§ **TASK DETAILS**: Using the records below, copy out exactly the line that contains "Photo of Satine Kryze" and every line that follows it, up to and including the last, and no others.

[Scraped caption text data]
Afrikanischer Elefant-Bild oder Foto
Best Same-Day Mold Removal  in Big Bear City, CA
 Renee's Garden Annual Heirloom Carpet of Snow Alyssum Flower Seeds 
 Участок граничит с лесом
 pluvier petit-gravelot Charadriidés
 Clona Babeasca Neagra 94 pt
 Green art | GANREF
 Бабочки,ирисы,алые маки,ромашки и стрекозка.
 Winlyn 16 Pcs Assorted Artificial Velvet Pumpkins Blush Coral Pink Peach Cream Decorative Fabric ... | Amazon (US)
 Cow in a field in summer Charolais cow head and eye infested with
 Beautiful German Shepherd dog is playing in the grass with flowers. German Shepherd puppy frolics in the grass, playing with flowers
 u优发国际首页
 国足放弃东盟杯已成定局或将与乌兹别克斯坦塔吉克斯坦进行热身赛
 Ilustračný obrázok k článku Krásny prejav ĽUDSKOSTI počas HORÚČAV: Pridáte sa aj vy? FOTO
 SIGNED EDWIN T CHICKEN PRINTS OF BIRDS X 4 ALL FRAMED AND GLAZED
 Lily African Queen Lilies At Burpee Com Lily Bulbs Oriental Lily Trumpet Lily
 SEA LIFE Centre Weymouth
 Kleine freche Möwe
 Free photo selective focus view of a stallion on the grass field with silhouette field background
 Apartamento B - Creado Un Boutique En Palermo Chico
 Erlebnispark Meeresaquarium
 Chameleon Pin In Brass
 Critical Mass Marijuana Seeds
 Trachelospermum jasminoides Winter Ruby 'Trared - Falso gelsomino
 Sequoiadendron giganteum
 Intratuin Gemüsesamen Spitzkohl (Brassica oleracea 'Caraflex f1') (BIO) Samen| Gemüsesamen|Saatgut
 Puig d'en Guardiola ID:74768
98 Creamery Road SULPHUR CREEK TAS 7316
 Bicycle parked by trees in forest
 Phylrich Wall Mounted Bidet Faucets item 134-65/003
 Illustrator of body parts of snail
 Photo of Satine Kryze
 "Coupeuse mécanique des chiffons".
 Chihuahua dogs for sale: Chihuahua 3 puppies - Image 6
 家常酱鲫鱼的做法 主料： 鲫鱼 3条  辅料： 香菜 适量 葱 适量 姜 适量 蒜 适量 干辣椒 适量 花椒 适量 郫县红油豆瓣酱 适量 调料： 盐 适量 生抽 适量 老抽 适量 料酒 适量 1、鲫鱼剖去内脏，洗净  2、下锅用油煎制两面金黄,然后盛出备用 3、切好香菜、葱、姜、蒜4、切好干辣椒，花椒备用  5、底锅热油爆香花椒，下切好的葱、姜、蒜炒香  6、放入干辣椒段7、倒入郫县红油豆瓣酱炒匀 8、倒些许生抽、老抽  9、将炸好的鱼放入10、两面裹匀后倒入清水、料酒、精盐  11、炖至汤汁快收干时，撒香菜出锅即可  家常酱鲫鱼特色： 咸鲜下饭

§ **EXERCISE SOLUTION**:
 Photo of Satine Kryze
 "Coupeuse mécanique des chiffons".
 Chihuahua dogs for sale: Chihuahua 3 puppies - Image 6
 家常酱鲫鱼的做法 主料： 鲫鱼 3条  辅料： 香菜 适量 葱 适量 姜 适量 蒜 适量 干辣椒 适量 花椒 适量 郫县红油豆瓣酱 适量 调料： 盐 适量 生抽 适量 老抽 适量 料酒 适量 1、鲫鱼剖去内脏，洗净  2、下锅用油煎制两面金黄,然后盛出备用 3、切好香菜、葱、姜、蒜4、切好干辣椒，花椒备用  5、底锅热油爆香花椒，下切好的葱、姜、蒜炒香  6、放入干辣椒段7、倒入郫县红油豆瓣酱炒匀 8、倒些许生抽、老抽  9、将炸好的鱼放入10、两面裹匀后倒入清水、料酒、精盐  11、炖至汤汁快收干时，撒香菜出锅即可  家常酱鲫鱼特色： 咸鲜下饭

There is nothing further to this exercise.